FAULKNER’S LIFE AND WORKS
Faulkner was born on 25th September, 1897 at New Albany, the eldest of the four sons of Murry C. Faulkner and his wife, Maud Rutler of Oxford. The family moved to Oxford while Faulkner was still a child, and it was there that he grew up and went to school. He made no particular impression upon his teachers and left high school without graduating. He seems, at first, to have done little but wander about and read without much sense of purpose or direction, but in 1914 he began his friendship with Phil Stone, who already had degrees from the University of Mississippi and from Vale. Stone, four years his senior, told him what to read, talked with him about literature and about the South, and encouraged and criticized the writing, which at that time and for sometime afterwards was mostly verse.
When World War I began, Faulkner was unable to join the American army but he joined the Royal Air Force in Canada and began his training as a pilot. Despite the legends that have grown up around him, he never went to Europe. Back in Oxford after the war, he seems to have devoted himself for a time to the cultivation of mild eccentricities.

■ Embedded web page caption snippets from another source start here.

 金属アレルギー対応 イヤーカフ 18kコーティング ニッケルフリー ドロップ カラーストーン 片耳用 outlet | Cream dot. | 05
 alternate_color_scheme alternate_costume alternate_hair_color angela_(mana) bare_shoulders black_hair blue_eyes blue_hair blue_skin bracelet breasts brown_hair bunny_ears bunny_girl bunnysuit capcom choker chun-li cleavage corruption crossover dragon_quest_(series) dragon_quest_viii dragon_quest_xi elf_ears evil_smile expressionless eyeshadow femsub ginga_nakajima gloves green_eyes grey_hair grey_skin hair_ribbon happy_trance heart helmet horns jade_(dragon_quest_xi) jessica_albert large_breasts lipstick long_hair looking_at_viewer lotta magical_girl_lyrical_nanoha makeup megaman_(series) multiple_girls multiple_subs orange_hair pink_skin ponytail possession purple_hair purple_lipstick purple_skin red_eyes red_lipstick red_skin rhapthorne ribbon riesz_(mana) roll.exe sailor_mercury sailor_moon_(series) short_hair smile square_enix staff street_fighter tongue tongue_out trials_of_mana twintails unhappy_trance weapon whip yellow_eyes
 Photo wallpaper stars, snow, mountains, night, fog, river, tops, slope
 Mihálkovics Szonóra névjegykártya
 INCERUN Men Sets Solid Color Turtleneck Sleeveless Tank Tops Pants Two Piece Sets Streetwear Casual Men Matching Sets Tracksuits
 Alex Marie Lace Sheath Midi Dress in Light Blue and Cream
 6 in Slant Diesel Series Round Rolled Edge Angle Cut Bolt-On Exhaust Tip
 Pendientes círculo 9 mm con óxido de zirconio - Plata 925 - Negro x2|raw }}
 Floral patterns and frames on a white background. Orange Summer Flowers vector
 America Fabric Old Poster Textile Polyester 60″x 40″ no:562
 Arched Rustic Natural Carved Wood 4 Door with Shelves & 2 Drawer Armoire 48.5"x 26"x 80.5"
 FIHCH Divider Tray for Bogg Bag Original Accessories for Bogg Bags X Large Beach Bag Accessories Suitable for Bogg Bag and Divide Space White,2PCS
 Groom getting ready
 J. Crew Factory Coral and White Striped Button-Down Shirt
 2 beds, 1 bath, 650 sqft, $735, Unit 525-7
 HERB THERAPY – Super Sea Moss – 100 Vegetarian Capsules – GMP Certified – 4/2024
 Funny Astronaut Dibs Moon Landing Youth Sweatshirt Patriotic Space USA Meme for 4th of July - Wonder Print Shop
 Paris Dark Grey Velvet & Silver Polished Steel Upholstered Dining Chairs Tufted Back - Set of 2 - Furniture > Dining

For a short while, he attended the University of Mississippi, doing quite well in Spanish and French but failing disastrously in English. Late in 1920 at the invitation of Stark Young, who was also from northern Mississippi, he made his first visit to New York. He worked in a book-shop for a time but the only useful result of the trip seems to have been his friendship with Elizabeth Brall, whose marriage to Sherwood Anderson was to give Faulkner his first introduction to a really lively literary circle. For a while , however, Faulkner returned to Oxford to become university postmaster. He is said to have discharged the functions of that office with notable inefficiency and, on the occasion of his dismissal, he declared that at least he would no longer be at the beck and call of anyone who happened to have two cents for a stamp.
By this time, he had published several poems in the University’s year-book and in its newspaper, The Mississippean, and one each in The New Republic and the New Orleans “little magazine”, the Double Dealer: and in 1924, the year the postmastership ended, Phil Stone financed the private publication of a small volume of Faulkner’s verse entitled The Marble Faun. This was Faulkner’s first experience of book publication, and an unhappy one, for the book attracted few sales and little attention. Shortly afterwards, he set off for New Orleans, where he intended to take a boat to Europe. But he met Sherwood Anderson and stayed on in the city for six months, enjoying his first experience of literary society and publishing sketches in the Time Picayane newspaper and in the Double Dealer. Anderson at this time was at the height of his reputation, and the recognition and encouragement he gave to Faulkner was an extremely important factor in the youngman’s career.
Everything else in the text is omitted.